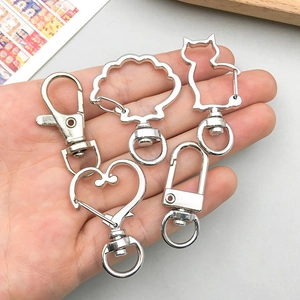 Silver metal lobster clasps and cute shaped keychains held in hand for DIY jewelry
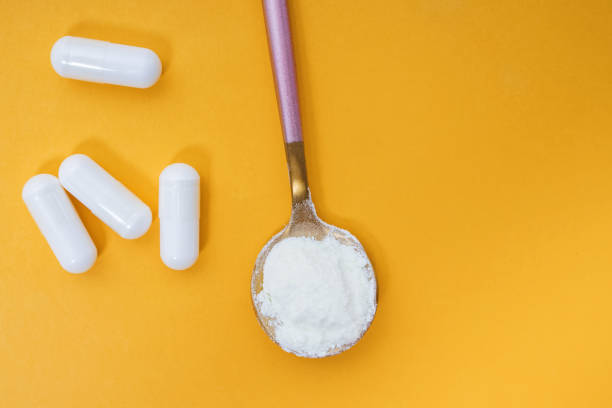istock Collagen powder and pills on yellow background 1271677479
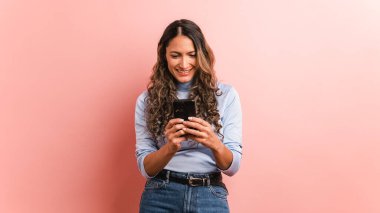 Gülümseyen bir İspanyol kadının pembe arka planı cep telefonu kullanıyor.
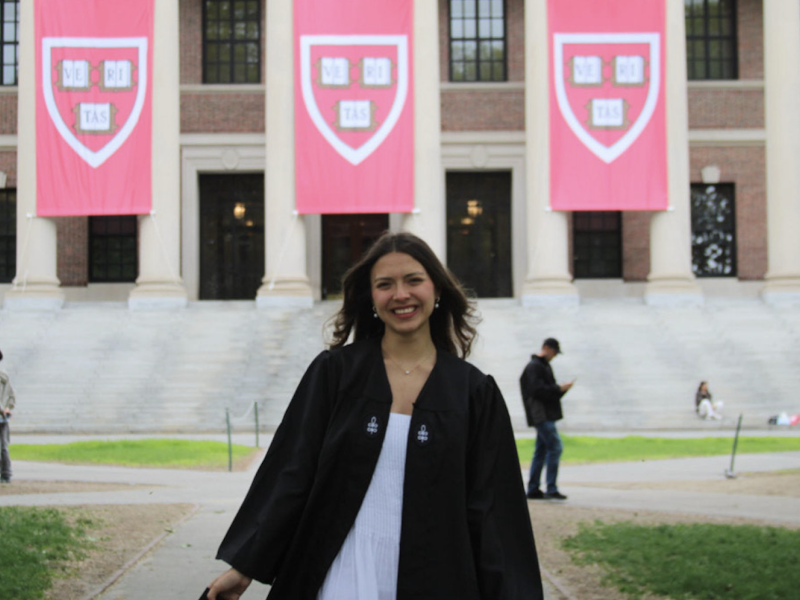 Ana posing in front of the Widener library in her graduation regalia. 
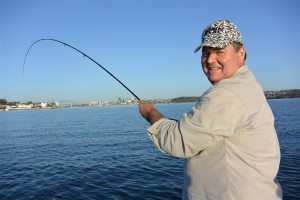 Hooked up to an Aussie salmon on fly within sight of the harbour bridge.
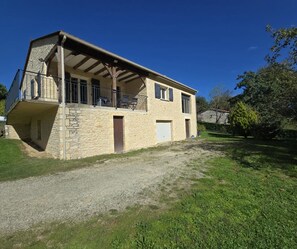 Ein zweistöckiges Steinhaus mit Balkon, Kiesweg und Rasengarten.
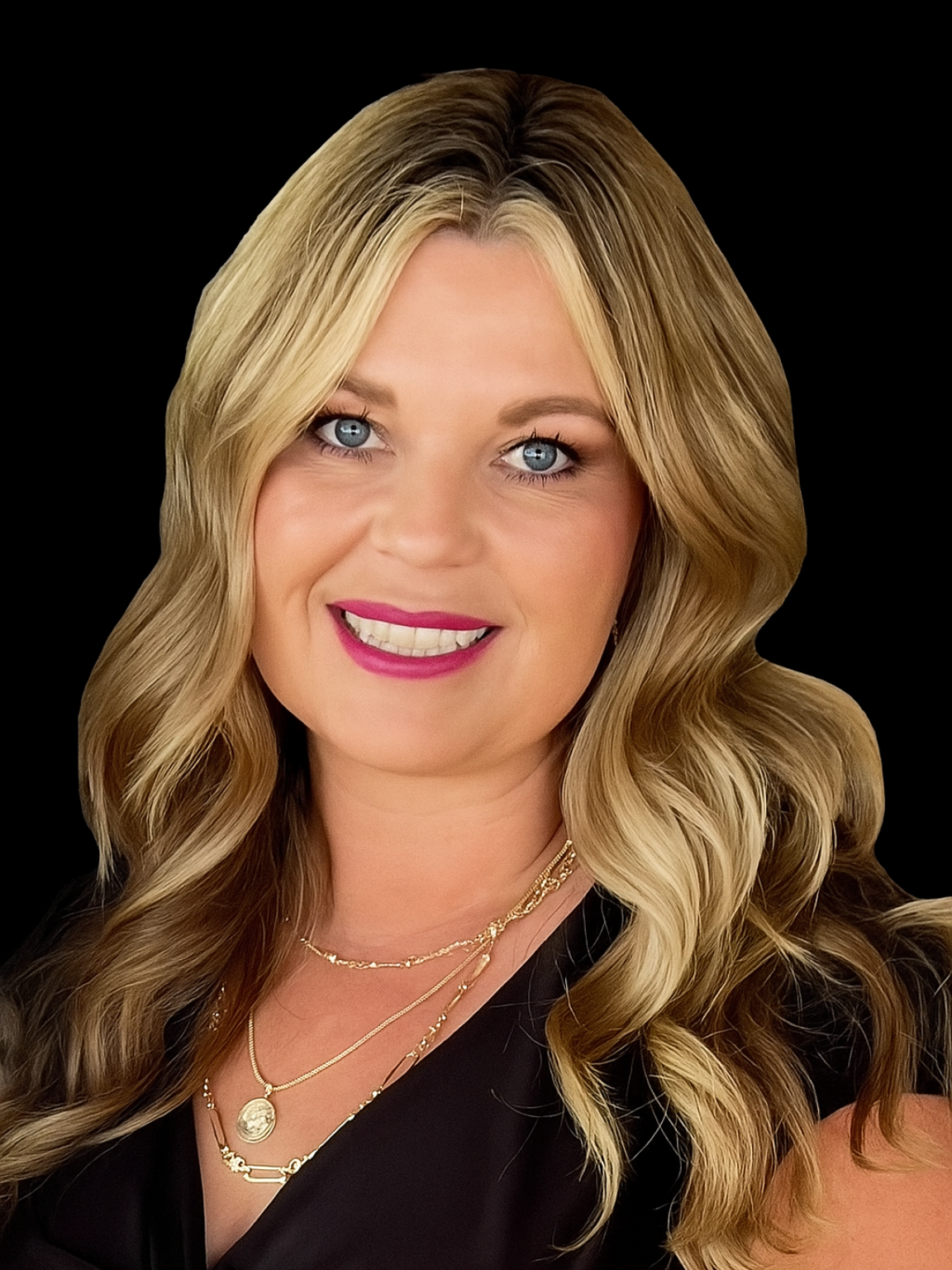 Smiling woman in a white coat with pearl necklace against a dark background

* * *

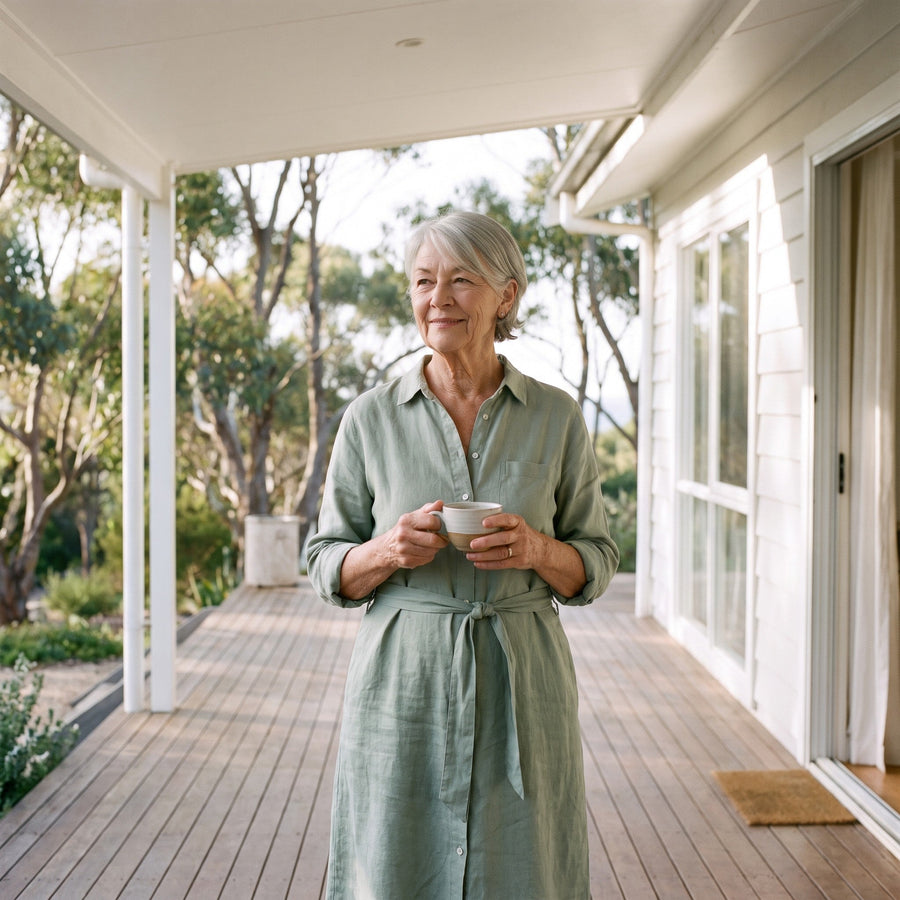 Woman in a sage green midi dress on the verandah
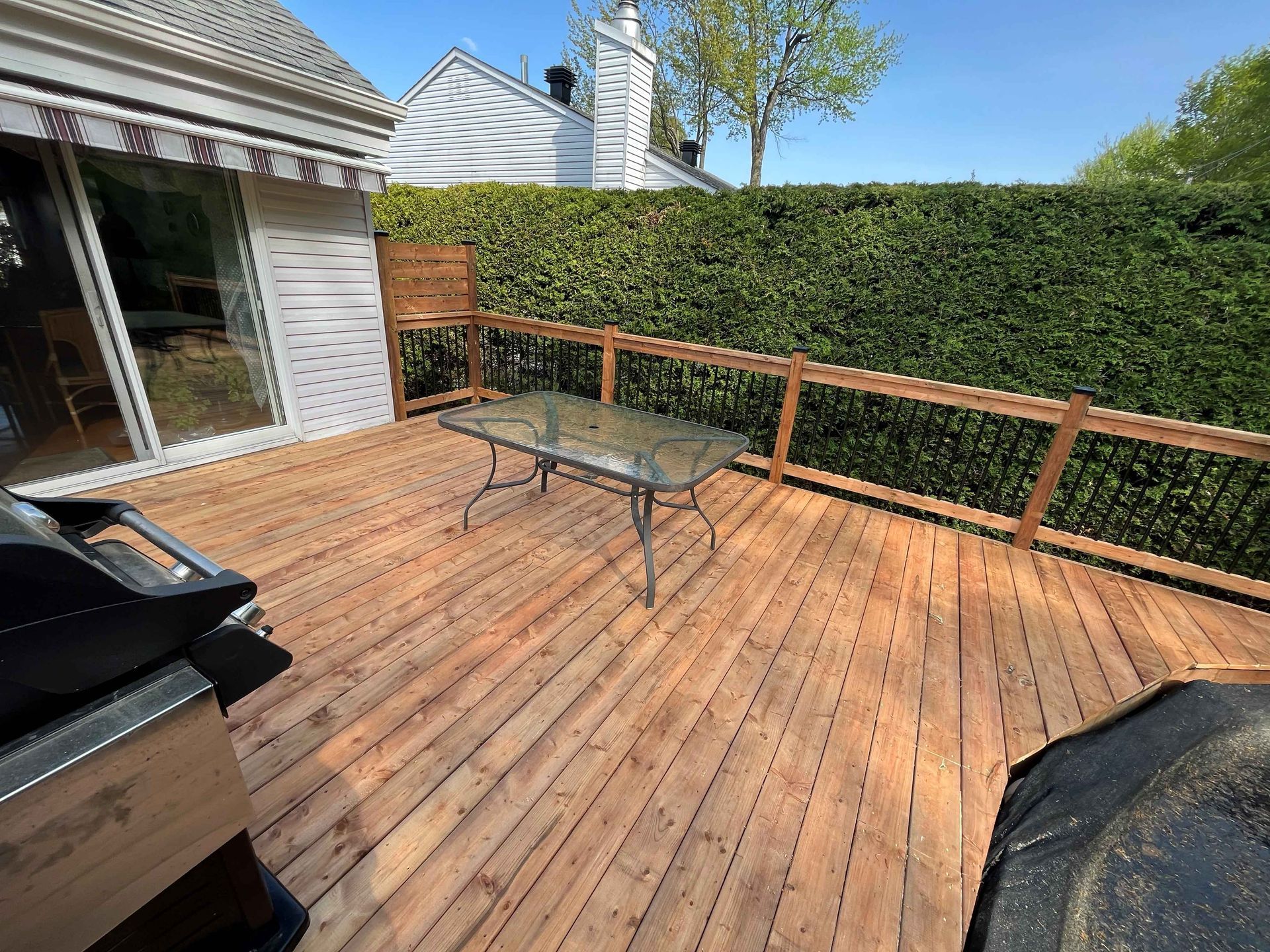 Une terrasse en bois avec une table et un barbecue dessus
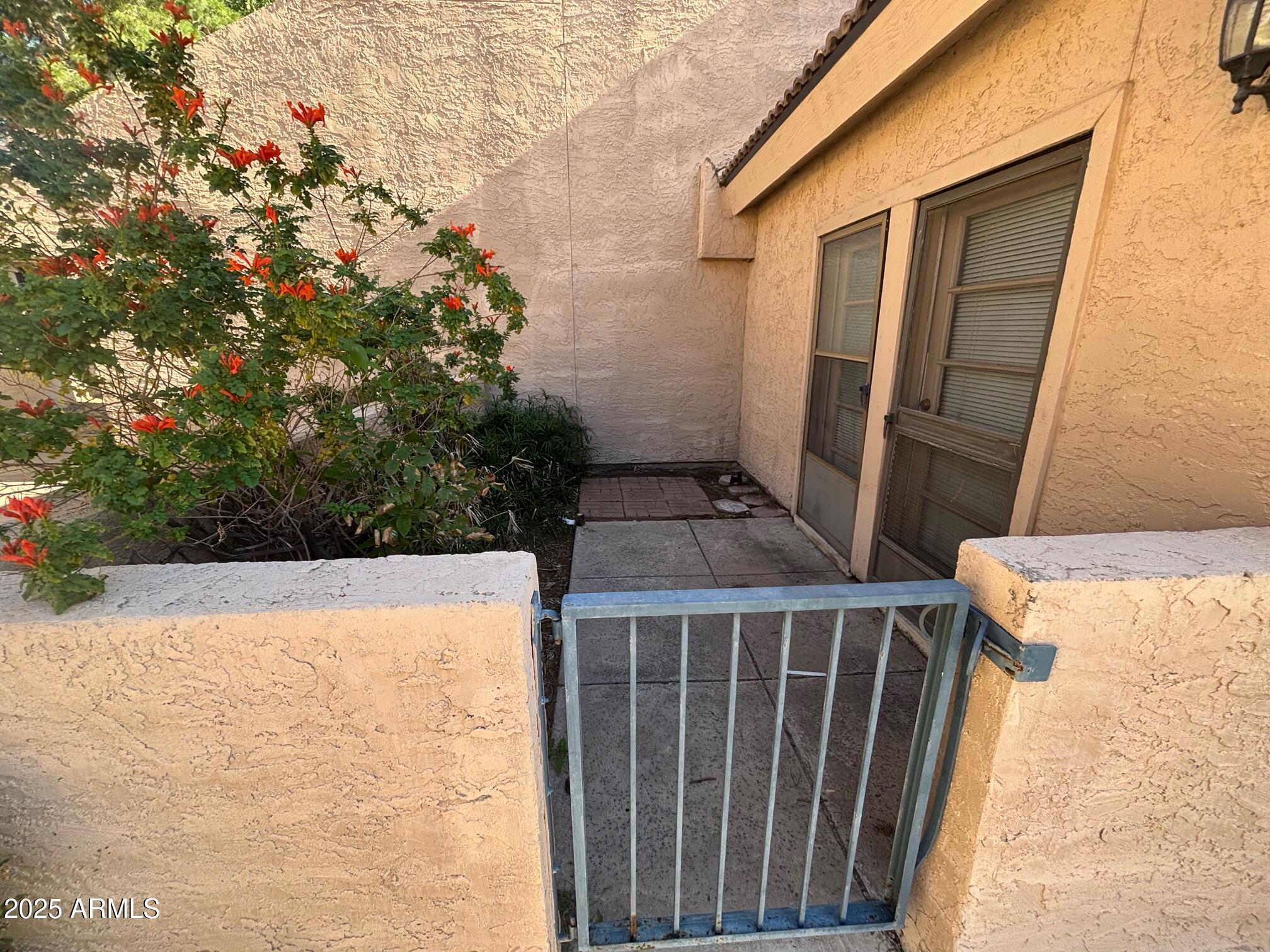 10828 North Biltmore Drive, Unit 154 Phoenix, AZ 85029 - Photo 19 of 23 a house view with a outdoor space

* * *

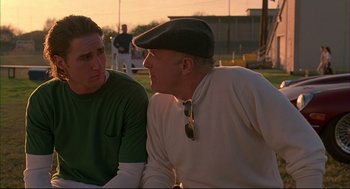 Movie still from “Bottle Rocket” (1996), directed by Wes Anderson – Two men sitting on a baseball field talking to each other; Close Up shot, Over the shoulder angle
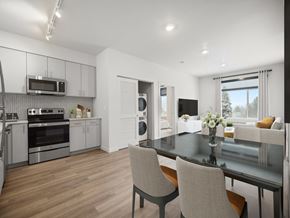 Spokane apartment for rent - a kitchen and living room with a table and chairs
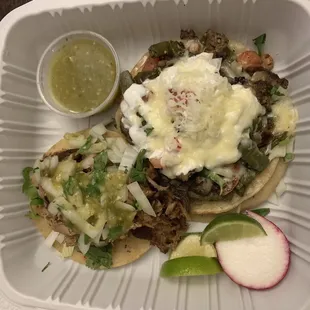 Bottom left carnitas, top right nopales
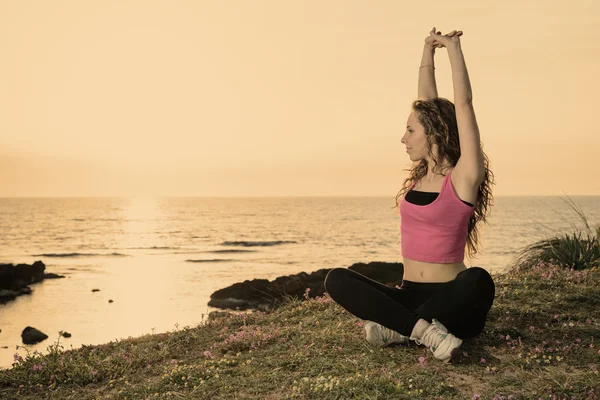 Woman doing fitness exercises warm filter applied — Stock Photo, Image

> What you have to do
Within the material above, find the part that opens with the line containing "Hooked up to" and closes with the line containing "Smiling woman in", and reproduce it exactly without the pictures.

> Exercise result
 Hooked up to an Aussie salmon on fly within sight of the harbour bridge.
 Ein zweistöckiges Steinhaus mit Balkon, Kiesweg und Rasengarten.
 Smiling woman in a white coat with pearl necklace against a dark background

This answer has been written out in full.